US scaling down on human rights in India is a strategic decision, feel experts
Experts believe that US-India ties are no longer based on a narrow interpretation of issues and has transformed into a mature relationship.
Published: 30th July 2021 08:48 AM | Last Updated: 30th July 2021 09:10 AM | A+A A-
NEW DELHI: The anticipation built around the US Secretary of State taking up issues related to human rights during his meeting with External Affairs Minister S Jaishankar fizzled out, as Antony Blinken said after the interaction that all democracies are works in progress.
This is contrary to expectations when Joe Biden became US President earlier this year.
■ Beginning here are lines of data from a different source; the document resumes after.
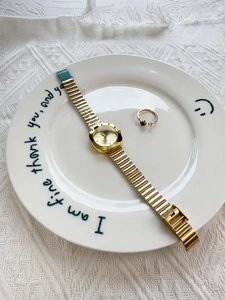 Flat lay of a gold square women's watch and matching ring on a white ceramic plate
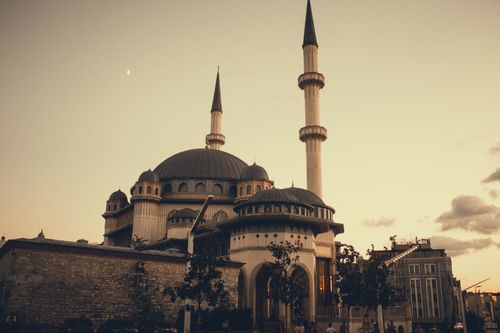 Free Sunset over the Taksim Mosque in Istanbul with a warm, inviting glow. Stock Photo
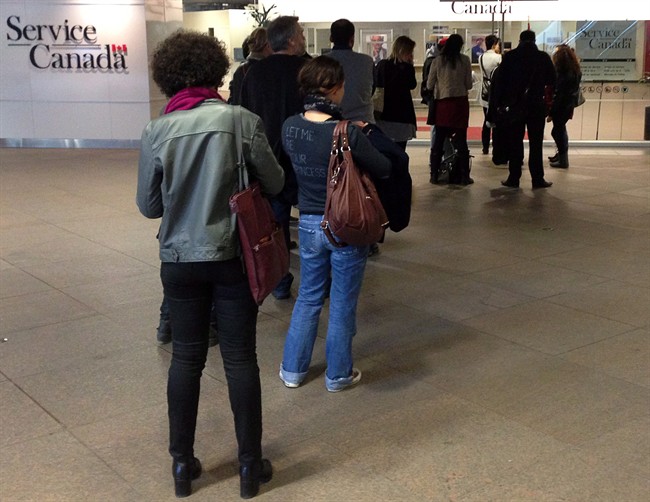 People wait for a Service Canada centre to open on April 2, 2014 in Montreal.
It was expected that Biden would not hold back to call out New Delhi for issues related to human rights. Why this?
Experts believe that US-India ties are no longer based on a narrow interpretation of issues and has transformed into a mature relationship. “The US will side step being too harsh or critical against India as it does not want to disturb many aspects of the growing bilateral relationship. When compared to 1990s and early 2000s, there is a lot more at stake for the US, as is for India, to be vocally against New Delhi,” a research scholar at a leading think-tank said.
However, some think Blinken’s humility may have stemmed from the recent experience of the US interventions in Afghanistan and Iraq. “In 1980s, US worked with Mujahideens in Afghanistan to defeat Soviet Union. After the collapse of Soviet Union, the US dropped the ball in Afghanistan and returned only after the 9/11 terror attacks. After almost two decades of having boots on the ground, the US has withdrawn from Afghanistan, leaving space open for the Taliban. Unlike other authoritarian groups, Taliban denies not only political freedoms, but seeks to define people’s social lives and even individual clothing choices. Similarly, after prolonged US intervention, it is doubtful if citizens of Iraq enjoy all human rights and political freedoms,” said Sanjay Pulipaka, Senior Fellow at the Delhi Policy Group.
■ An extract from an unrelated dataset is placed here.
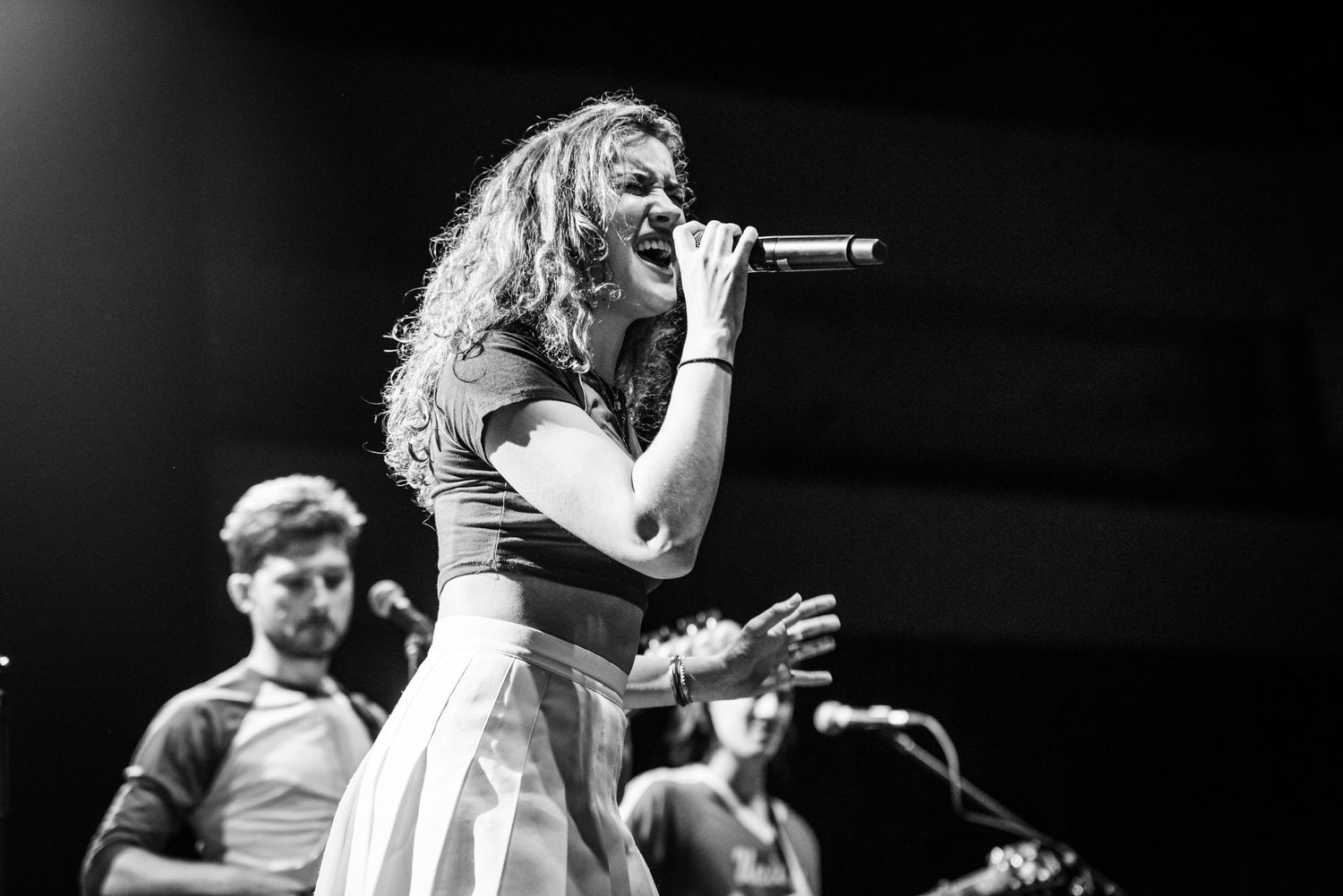 Energetic live music performance with singer and band members on stage in black and white.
Former US Presidents like Barack Obama had called out India over human rights issues. Senators, too, voiced concerns over Kashmir. After abrogation of Article 370, Senator Lindsey Graham had said in a report, “The Appropriations Committee notes with concern the current humanitarian crisis in Kashmir and calls on the government of India to: restore telecommunications and Internet services; lift lockdown and curfew; release individuals detained pursuant to the revocation of Article 370.”
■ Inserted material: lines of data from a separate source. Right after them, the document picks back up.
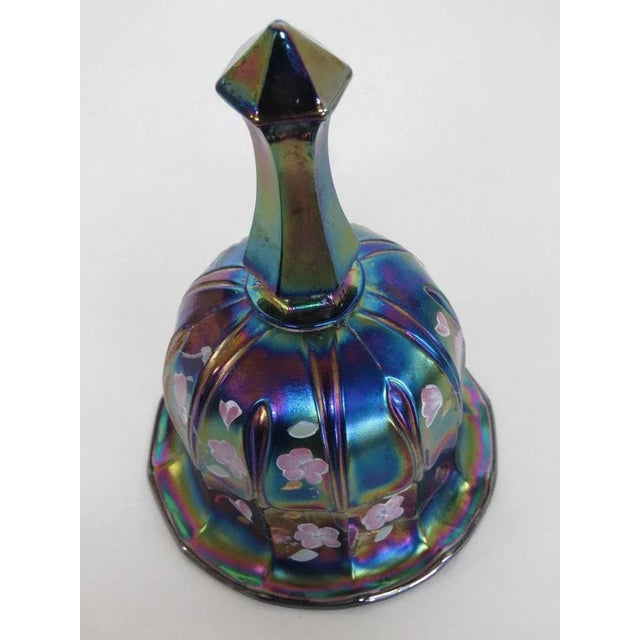 This beautiful Bell is made out of carnival glass, and is in good condition. This bell has a marvelous theme of hand...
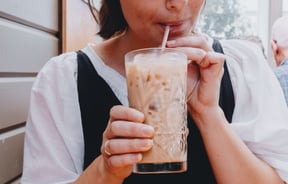 Women sipping on an iced coffee at a cafe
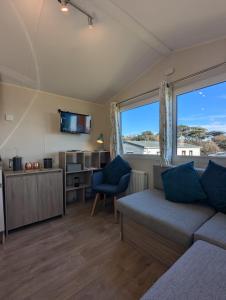 a living room with a couch and a window at Modern Style Pet Friendly Holiday Home sited on Durdle Door Holiday Park in West Lulworth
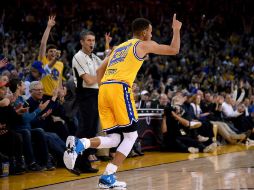Stephen Curry brilló con 24 puntos y nueve asistencias. AFP / T. Henderson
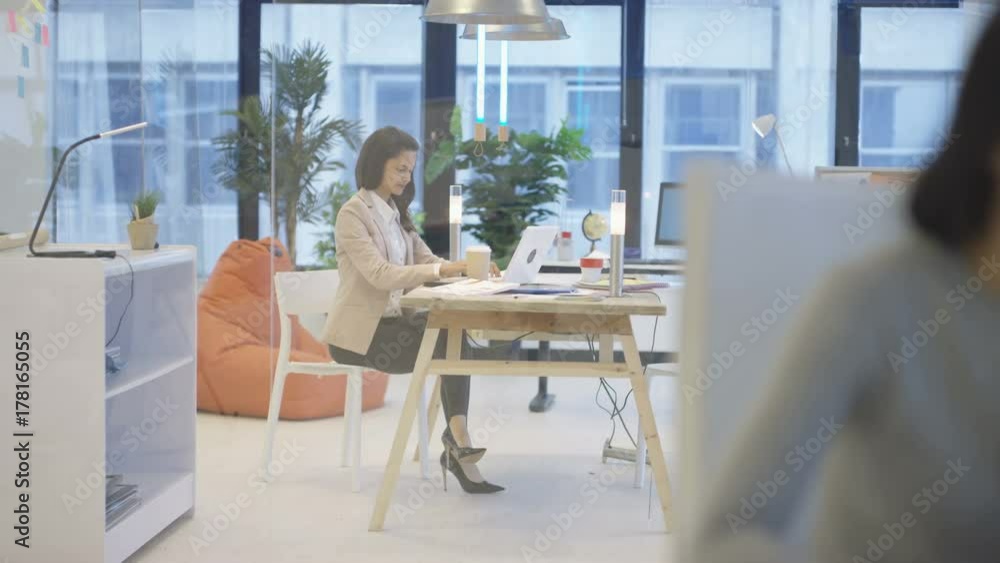 Attractive businesswoman in creative office brainstorming with sticky notes Attractive businesswoman in creative office brainstorming with sticky notes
Pulipaka feels the downgrade of criticism against India could be a part of a larger US strategy. “The unipolar moment in world politics is long gone. Consequently, US attempts to rap on the knuckles of fellow democracies or others may not yield positive outcomes. For example, a relatively smaller power like Myanmar is not losing sleep over US sanctions. The US needs other democracies to promote human rights. It is here that frameworks such as Quad come into play. While democracies continue their ‘quest for a more perfect union’, they should simultaneously protect and promote democracy in the larger Indo-Pacific region. Blinken’s humility, therefore, is a confident call for more collaboration and a calibrated approach towards the promotion of human rights,” he said.